Since S has 2 linearly independent elements: (0,2,4) and (-1,3,6), dim(span(S)) = 2 or 3. The notation:

{(x,|x|,2|x|):x is a real number} obscures the fact that essentially this part of S is just two "rays" (half-lines terminating at the origin): one containing (1,1,2) and one containing (-1,1,2). So:

span(S) = span({(1,1,2),(-1,1,2),(0,2,4),(-1,3,6)}).

Since this set has cardinality 4, at least one of the elements HAS to be linearly dependent on the other 3. In fact, it is easy to see that:

(0,2,4) = (1,1,2) + (-1,1,2), so we can eliminate (0,2,4) without affecting span(S):

span(S) = {(1,1,2),(-1,1,2),(-1,3,6)}. Is THIS set linearly independent?

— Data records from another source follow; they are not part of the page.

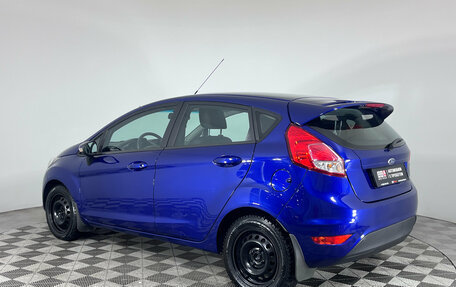 Ford Fiesta, 2016 год, 980 000 рублей, 5 фотография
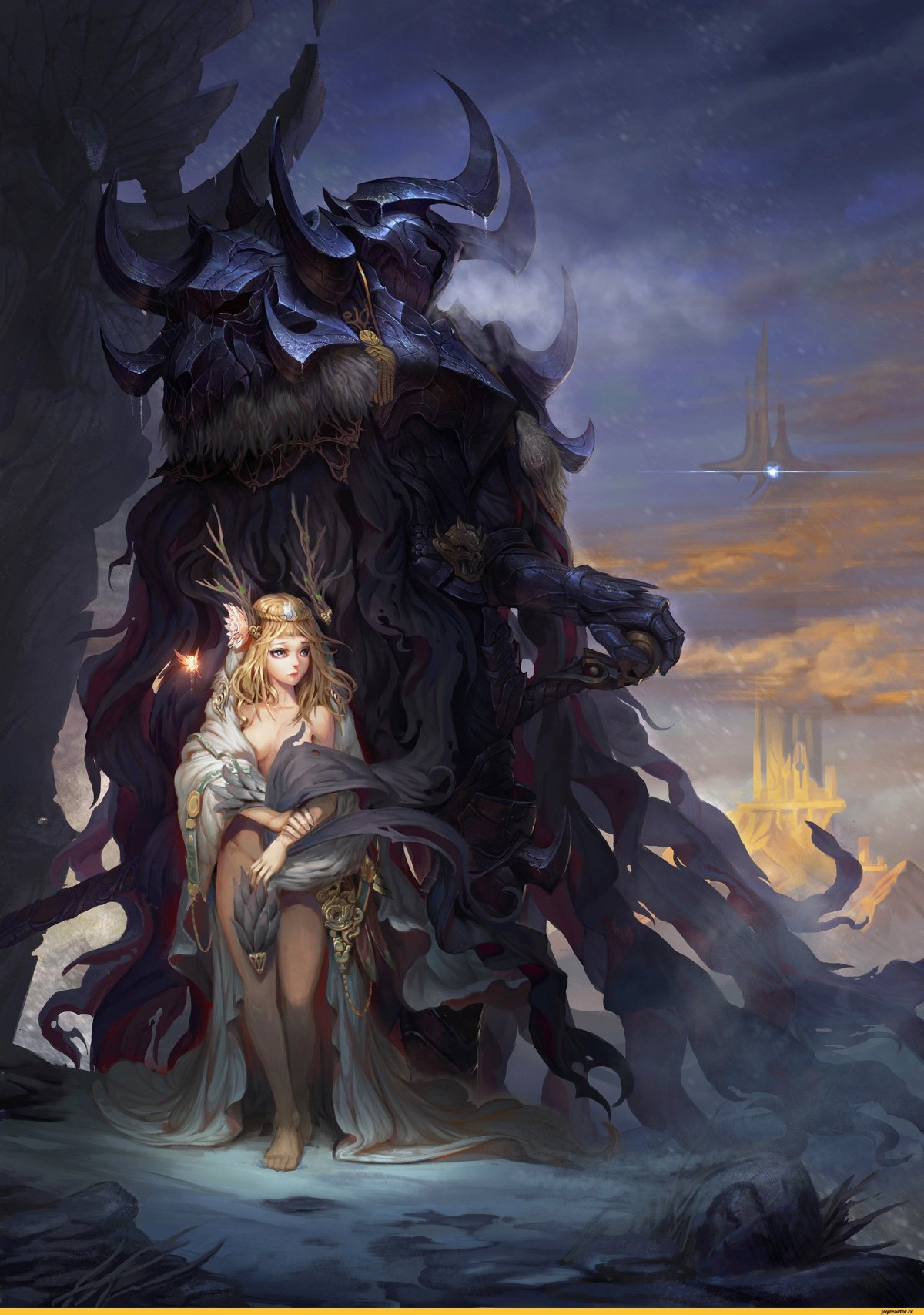 Фэнтези героини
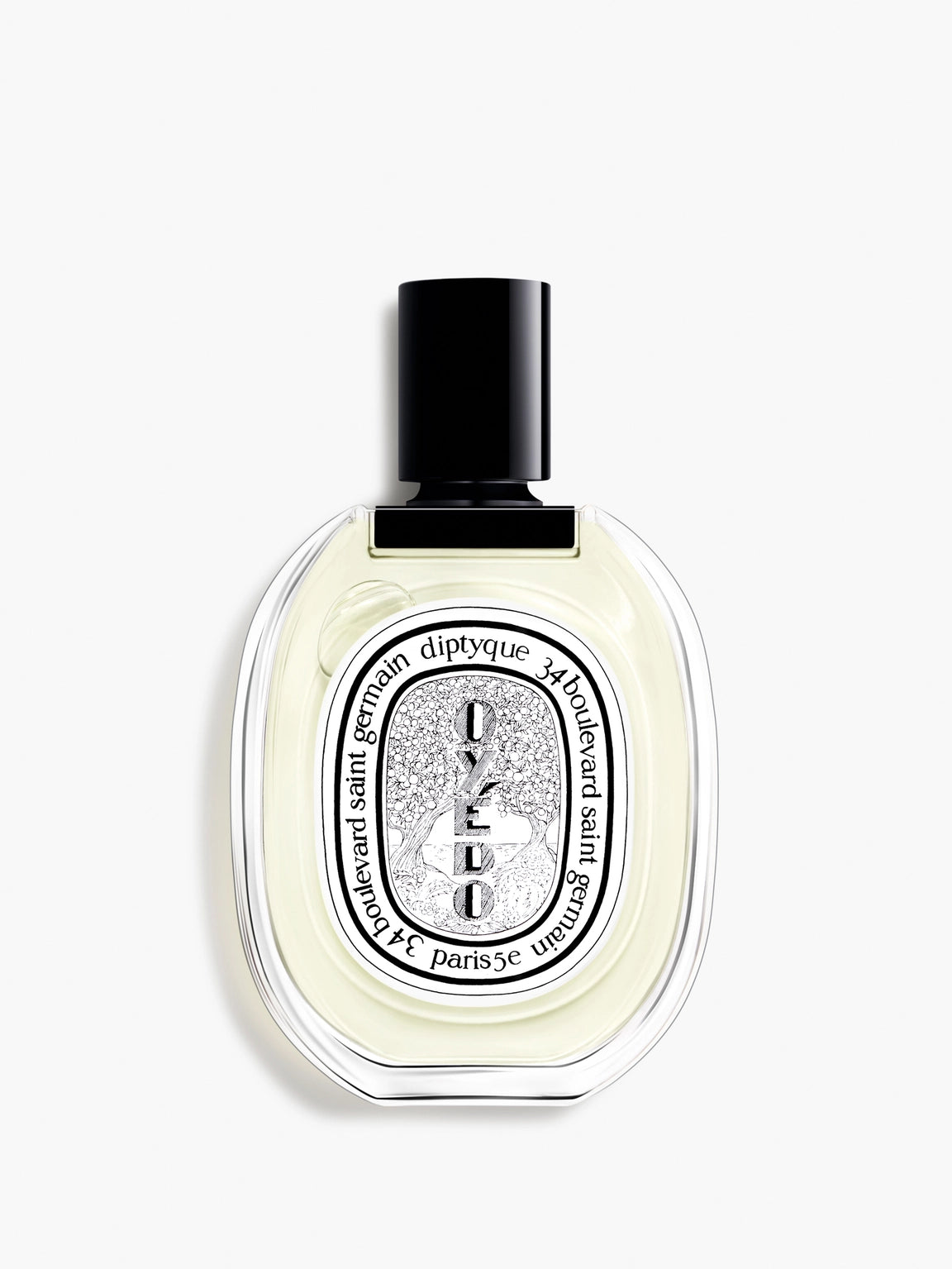 Eau de toilette - Oyedo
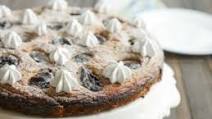 Plum Cake Plum Cake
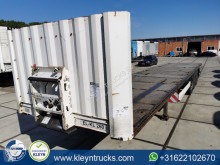 Trailer platte bak Krone SDP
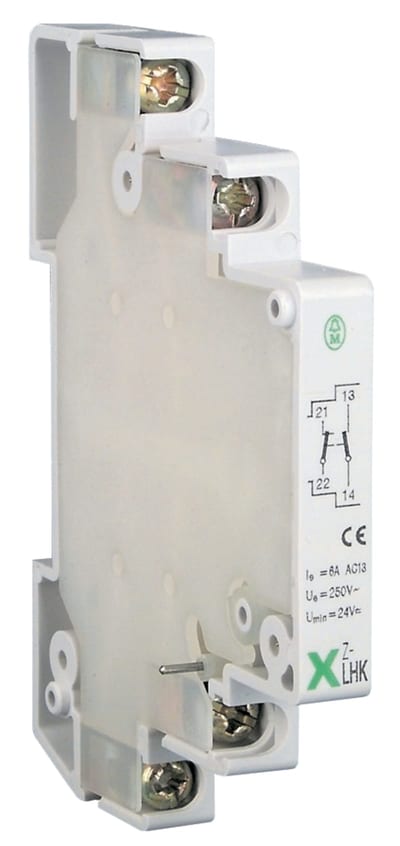 Auxiliary contact (Z-LHK)
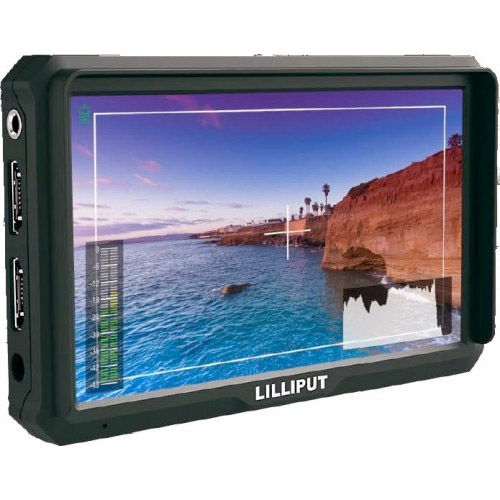 5" Camera Top Monitor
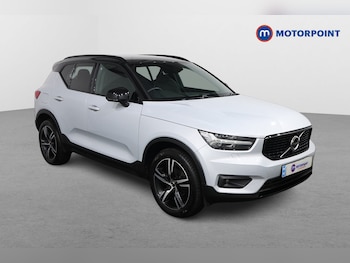 Used Volvo XC40 2021 for sale - 78765207: Photo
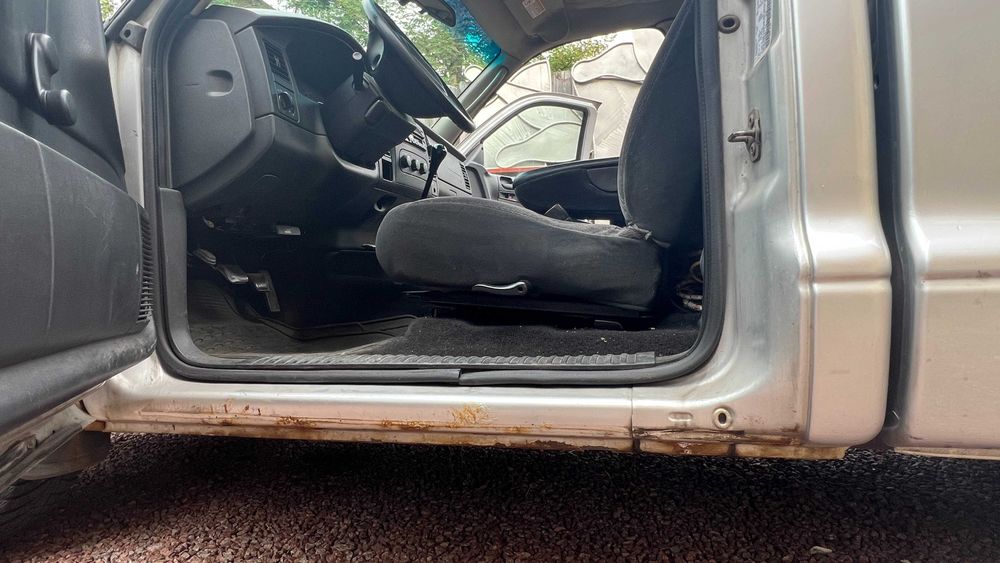 Рамний пікап Dodge Dakota 2001, 2.5, RWD, Regular Cab, 2nd gen, бензин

Suppose that:

a(1,1,2) + b(-1,1,2) + c(-1,3,6) = 0, that is:

a - b - c = 0

a + b + 3c = 0

2a + 2b + 6c = 0 <--same as equation 2, just doubled.

We can add equations 1&2 to get:

2a + 2c = 0, that is: a = -c. Substituting in equations 1 or 2 gives us:

b + 2c = 0, or b = -2c. If we choose c = 1 (for example) this gives us the solution a = -1, b = -2, c = 1, and we can verify:

(-1)(1,1,2) + (-2)(-1,1,2) + (1)(-1,3,6) = (-1,-1,-2) + (2,-2,-4) + (-1,3,6) = (-1+2-1,-1-2+3,-2-4+6) = (0,0,0), so we have linear dependence, in fact:

(-1,3,6) = (1,1,2) + 2(-1,1,2).

Hence span(S) = span{(1,1,2),(-1,1,2)}. I leave it to you to prove that THIS set is linearly independent, and therefore forms a basis for span(S).

(Warning: other methods can lead to a different basis for span(S). Bases, are not, in general, unique...only their SIZE is invariant).